ʿOmar lui-même, que Dieu soit satisfait de lui, se rendit auprès du Prophète, paix et bénédiction sur lui, et dit : " Ô Messager de Dieu, cet ennemi de Dieu, ʿUmayr Ibn Wahb, est venu ici en brandissant son épée et je pense qu’il est plein de mauvaises intentions.
– Laisse-le entrer, " dit le Prophète, paix et bénédiction sur lui.
ʿOmar, que Dieu soit satisfait de lui, s’approcha d’ʿUmayr, l’attrapa par les pans de son habit, pressa le dos de son glaive contre son cou et l’amena auprès du Prophète, paix et bénédiction sur lui.
Lorsque le Prophète, paix et bénédiction sur lui, vit ʿUmayr ainsi traité, il dit à Omar : " Relâche-le ! "
Puis il se tourna vers ʿUmayr et dit : " Approche. "

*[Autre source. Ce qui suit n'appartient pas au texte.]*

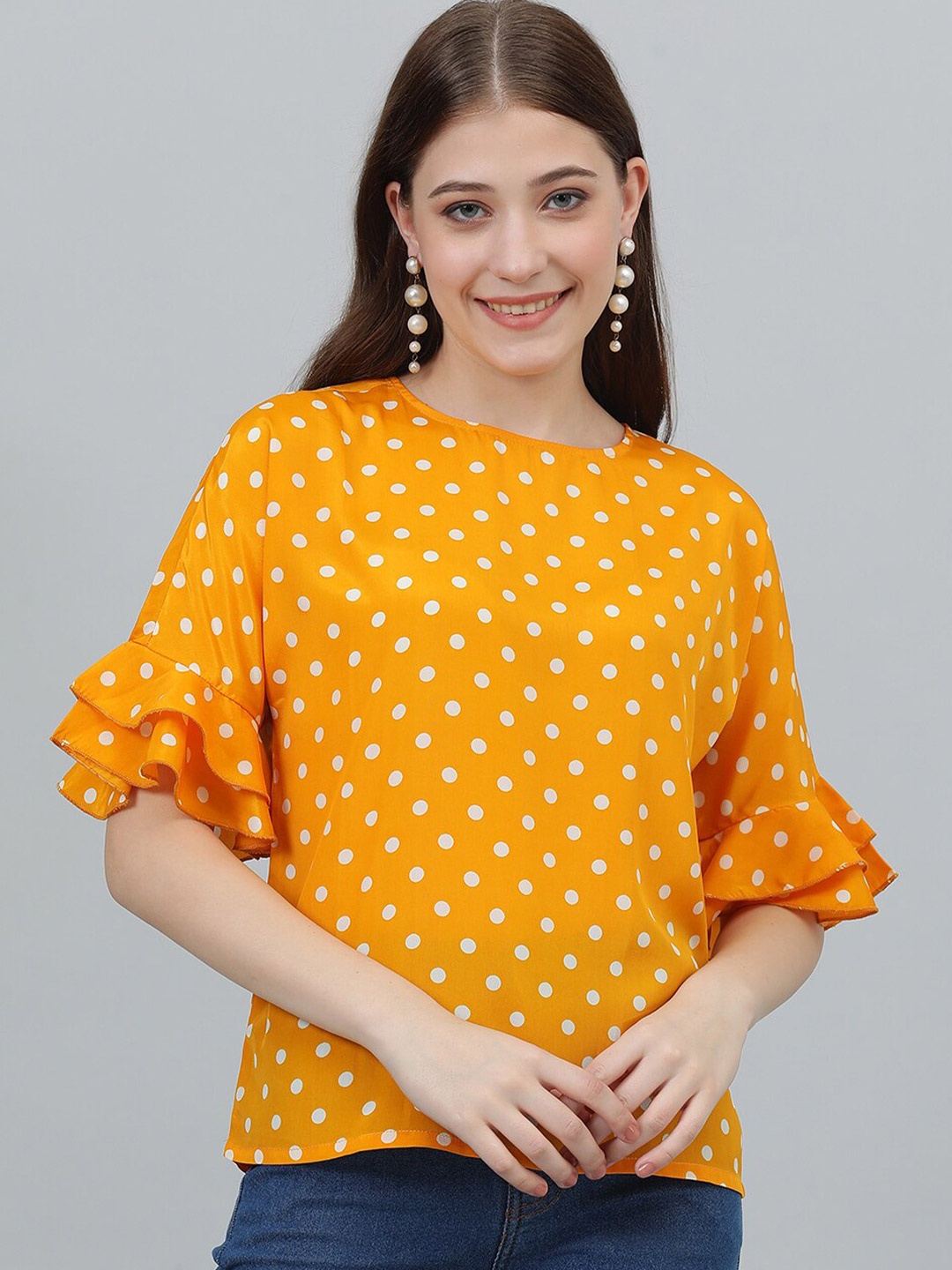 

Kotty Yellow Polka Dot Print Flared Sleeve Satin Top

ʿUmayr s’approcha et dit :
" Anim Sabahan (salutation des Arabes au temps de la Jahiliyyah).
– Dieu nous a donné un salut bien meilleur que celui-là, ʿUmayr, dit le Prophète, paix et bénédiction sur lui, Dieu nous a donné un salut de paix, c’est le salut des gens du paradis. Pourquoi es-tu venu ? continua le prophète, paix et bénédiction sur lui.
– Je suis venu car j’avais l’intention de te demander de relâcher ton prisonnier, accède donc à ma demande.

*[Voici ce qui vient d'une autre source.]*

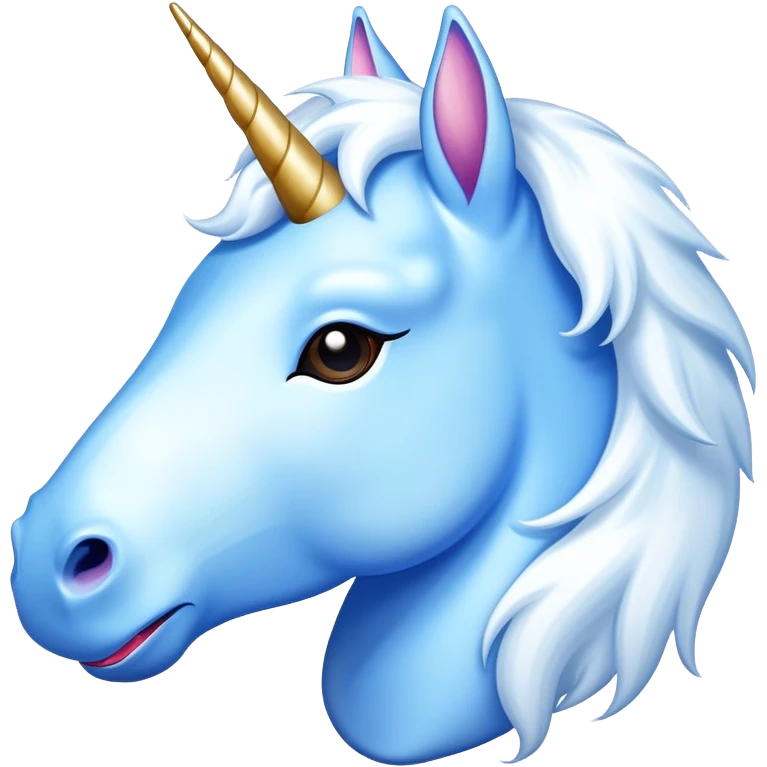 Blue unicorn with tongue sticking out  emoji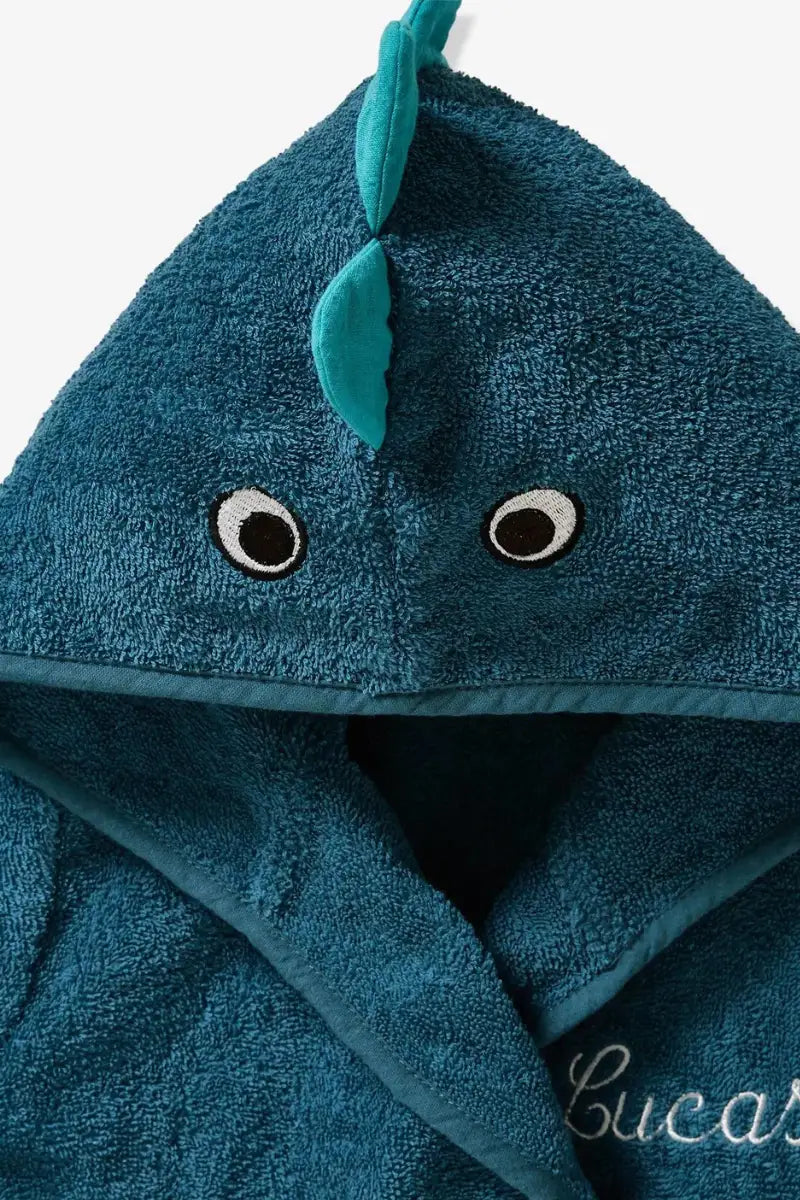 Dinosaur Hooded Kids Bathrobe – Dark Blue (Ages 4, 6, & 8)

– Et à quoi te sert donc ce glaive accroché à ton dos ? demanda le Prophète, paix et bénédiction sur lui. Dis-moi la vérité. Pourquoi es-tu venu ?
– Je ne suis venu que pour récupérer le prisonnier, répondit encore ʿUmayr.

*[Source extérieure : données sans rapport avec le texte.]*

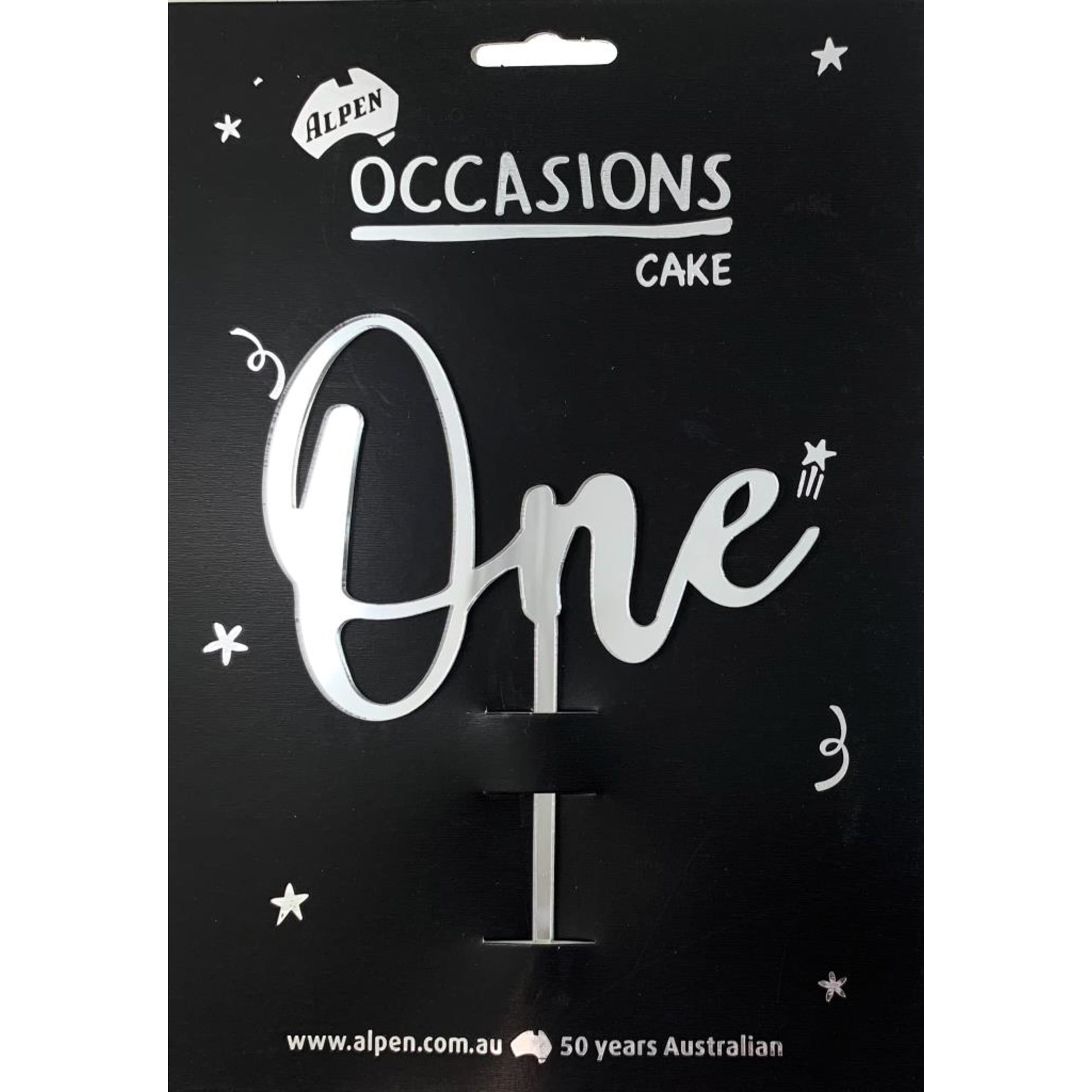 Occasions Cake Topper Acrylic 2mm One Silver
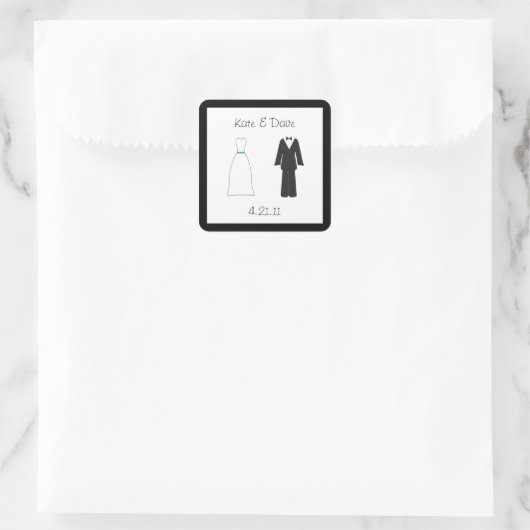 Braut und Aufkleber (Tasche)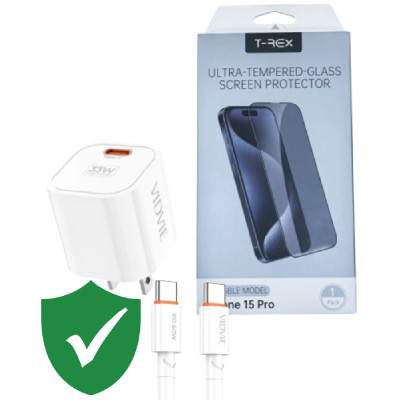 Combo VIP iPhone 15 Pro cũ (Cốc 33W+Cáp C to C VIDVIE+Dán T-Rex+VIP 1 đổi 1 12 Tháng)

– Non ! Safwân Ibn Umayyah et toi étiez assis près de la Kaʿbah vous remémorant vos compagnons morts et enterrés à Al-Qalib et tu as dit : "si je n’avais ni famille, ni dettes, j’irais tué Muhammad". Safwân alors a repris tes dettes à son compte et a promis de veiller sur ta famille en échange de ton accord pour me tuer. Mais Dieu est une barrière entre vous et vos intentions. "
ʿUmayr resta stupéfait puis dit :
" Je suis témoin que tu es le Messager de Dieu ! Nous avons pris l’habitude de rejeter tous les bienfaits que tu nous as apportés et toute révélation venue de toi. Mais ma conversation avec Safwân Ibn Ummayyah n’a été entendue de personne. Par Dieu, je suis certain que seul Dieu a pu te la faire connaître. Louange à Dieu qui m’a amené à toi, qu’Il me guide vers l’islam. "
Il attesta alors qu’il n’y a de Dieu qu’Allah et que Muhammad est le Messager d’Allah et il devint musulman. Ensuite le Prophète, paix et bénédiction sur lui, dit à ses compagnons : " Apprenez la religion à votre frère. Apprenez-lui le Coran et libérez son prisonnier. "
Les musulmans étaient ravis de la conversion d’ʿUmayr à l’islam. Même ʿOmar, que Dieu soit satisfait de lui, qui un jour avait dit que même un cochon lui était plus cher qu’ʿUmayr Ibn Wahb, vint auprès du Prophète, paix et bénédiction sur lui, et s’écria : " Aujourd’hui, il m’est plus cher que certains de mes propres enfants ! "
ʿUmayr passa beaucoup de temps à approfondir sa connaissance de l’islam et à remplir son cœur de la lumière du Coran. Il passa les journées les plus douces et les plus riches de sa vie à Médine loin de ce qu’il avait connu à la Mecque.
De son côté, à la Mecque, Safwân, plein d’espoir, dit aux Qurayshites : " Je vais bientôt vous donner une bonne nouvelle qui vous fera oublier les événements de Badr. "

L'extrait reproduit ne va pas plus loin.